■ **What you will do**: Without the pictures, set down everything in the listing exactly.

■ **Information provided**:
=-=-=-=-=
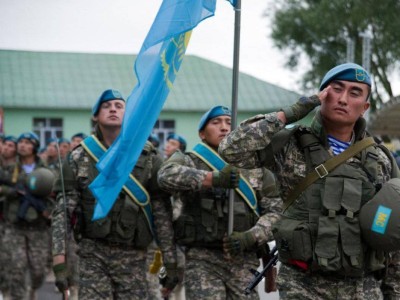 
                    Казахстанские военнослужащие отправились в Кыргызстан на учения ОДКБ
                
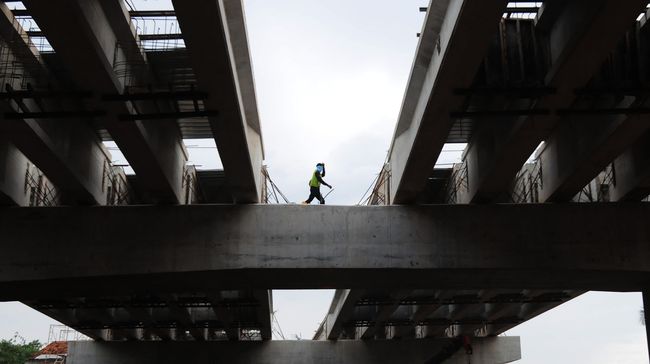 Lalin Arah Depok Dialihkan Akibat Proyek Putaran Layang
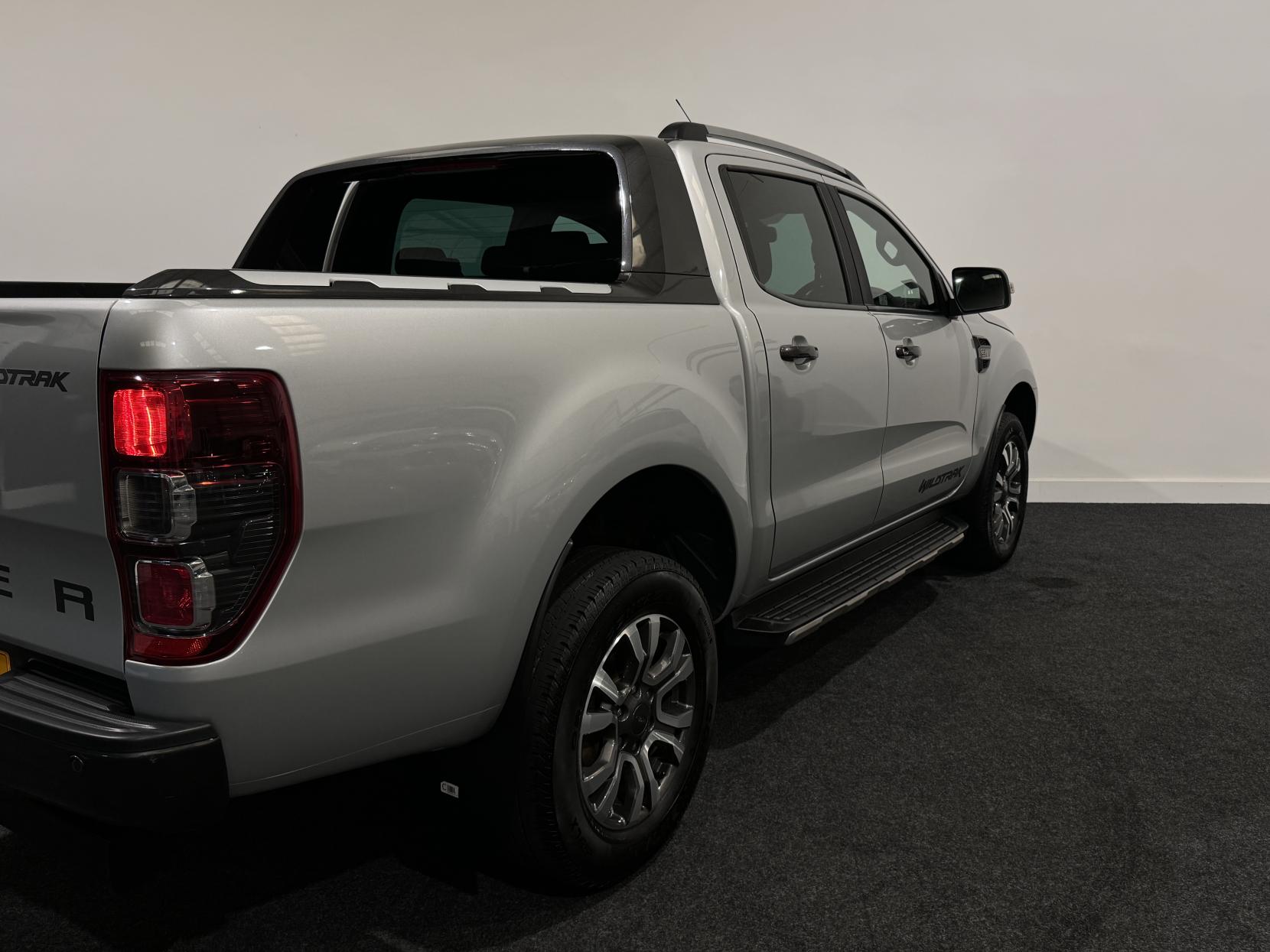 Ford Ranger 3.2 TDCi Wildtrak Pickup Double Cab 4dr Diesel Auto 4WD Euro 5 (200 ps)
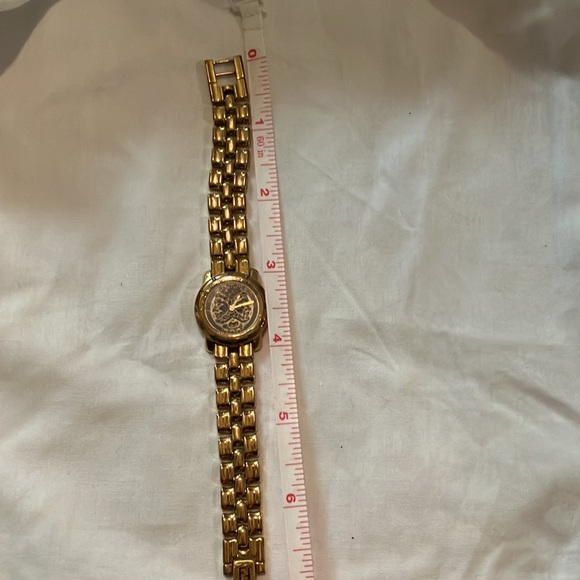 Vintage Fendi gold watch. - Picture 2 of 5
=-=-=-=-=
■ **Task answer**:
                    Казахстанские военнослужащие отправились в Кыргызстан на учения ОДКБ
                
 Lalin Arah Depok Dialihkan Akibat Proyek Putaran Layang
 Ford Ranger 3.2 TDCi Wildtrak Pickup Double Cab 4dr Diesel Auto 4WD Euro 5 (200 ps)
 Vintage Fendi gold watch. - Picture 2 of 5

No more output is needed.